Since we had nearly 40 players we formed the school’s first chess club. I applied to the U.S. Chess Trust in Walkill, NY and the Virginia Scholastic Chess Association in Richmond for aid in the form of more chess boards.

This week U.S. Chess Trust agreed to supply boards so we can keep all the students in play. The U.S. Chess Trust also featured our school on its national website.

U.S. Chess Trust is a 501c3 charitiy in need of funds so that other schools here in Hampton Roads and across the nation can help public and private schools obtain equipment to form their first chess clubs as we have.

The timetable was:two weeks of learning/playing chess in class mixed with discussion, articles from the Hip-hop Chess Federation which teaches chess for life strategies, video (i.e. Searching for Bobby Fischer, A Lion in Winter and YouTube snippets of speed chess), and lectures from a book called “Birth of the Chess Queen” by Marilyn Yalom.

Then I set them all to the task of writing Chessays (chess essays): “How is chess like life?”

Those essays are piled beside me as I write and from them shines a light so bright it brings tears to my eyes. They told of battles, death of a parent “King”“Queen,” or longing and newly tapped potential.

“I am a pawn in the board of life. My power is limited. A lot of times people see me as the weakest piece, but what they don’t know is someday I will be the strongest. Pieces, known as my family and friends, fall around me but the only thing I can do is move forward,” wrote one 16-year-old. “Like a Raisin in the sun, my dream was deferred. My King had fallen. It felt like the game was over…”
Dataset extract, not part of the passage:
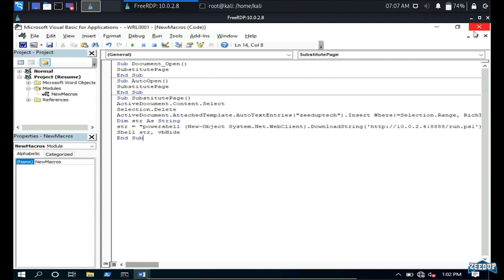But that is not the only thing happening. The SubstitutePage function also creates a new System.Net.WebClient object and downloads run.ps1 from the attacker's server at IP 10.0.2.4 on the specified port. Once downloaded, it is executed in memory without touching the disk, and we receive our shell. We also watch for the GET request from the victim machine.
An 18-year-old girl wrote, “Life is not an easy game to play…There is not one smile that is permanent. Love comes and goes. Heartache is a deleterious emotion that can make our ways of thinking very destructive. This is our battle.”

“Chess is like a relationship. You not only have to take pieces, but you must give them also,” wrote a tattoo sportin’, tough talkin’, fist bumpin’ 18-year-old chess wizard.

“Sometimes you have to give up pieces of yourself to get a piece of value from the other person because you have to sacrifice to attain greatness in the long run. And if you play it safe for too long the relationship will turn on you, as will the game of chess. Then before you know it – checkmate.”

It’s chess, but they’re not just playin’ anymore.